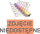 Shirit montimi i jashtëm dy-anësor Staples tesa powerbond®, 1.5mx19mm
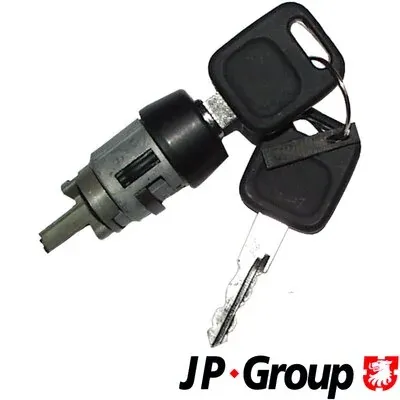 Личинка замка зажигания JP GROUP 1190400700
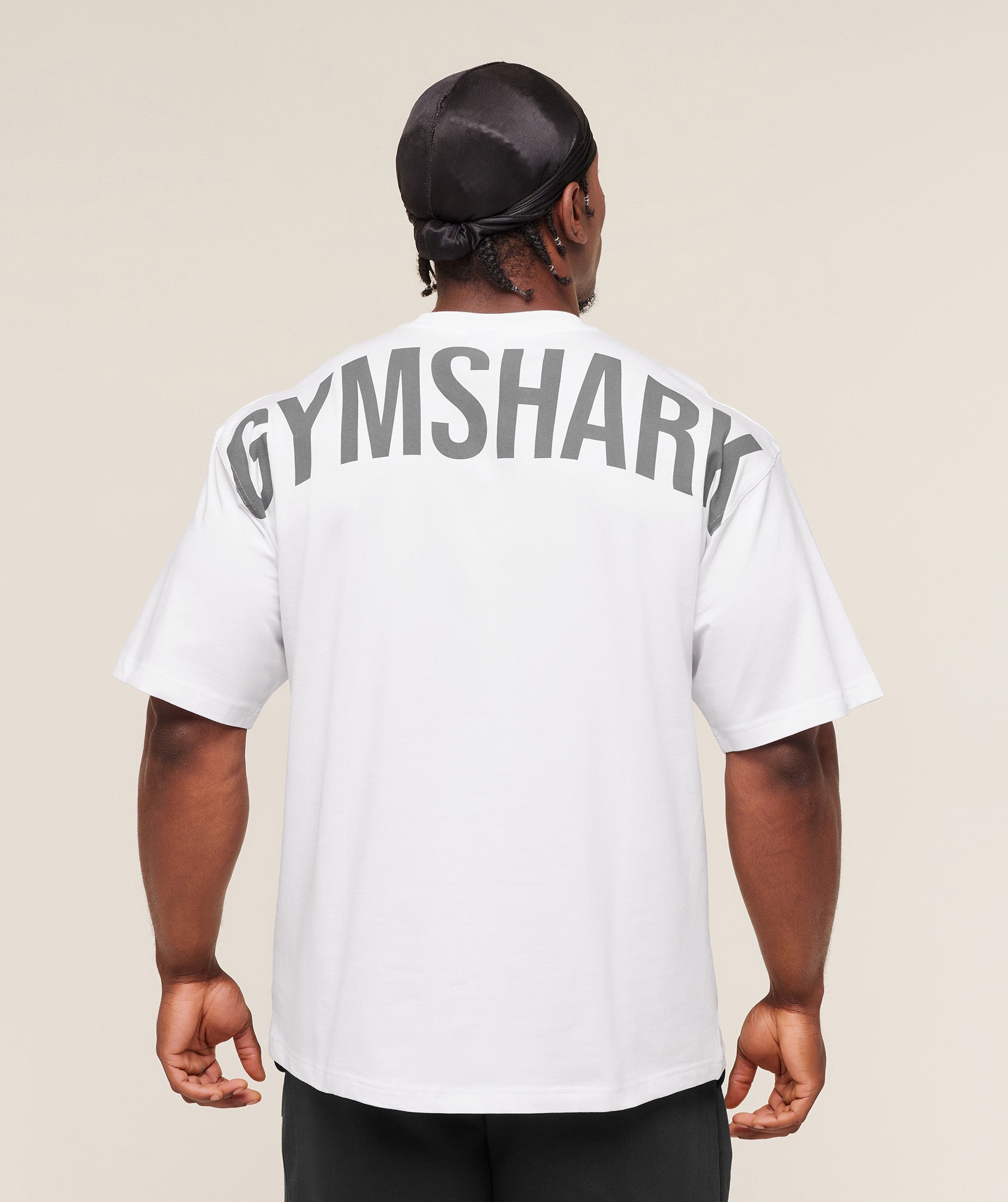 Power T-Shirt - Image 3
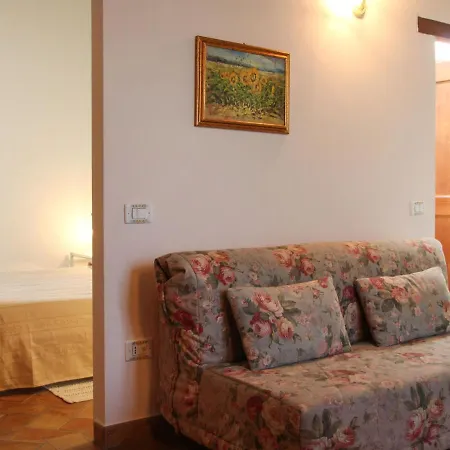 Locazione Turistica Orchidea - Fnm204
-*-
• [Activity] Whenever images occur above, omit them and retype each line exactly as it stands.

• [Exercise response]
 Shirit montimi i jashtëm dy-anësor Staples tesa powerbond®, 1.5mx19mm
 Личинка замка зажигания JP GROUP 1190400700
 Power T-Shirt - Image 3
 Locazione Turistica Orchidea - Fnm204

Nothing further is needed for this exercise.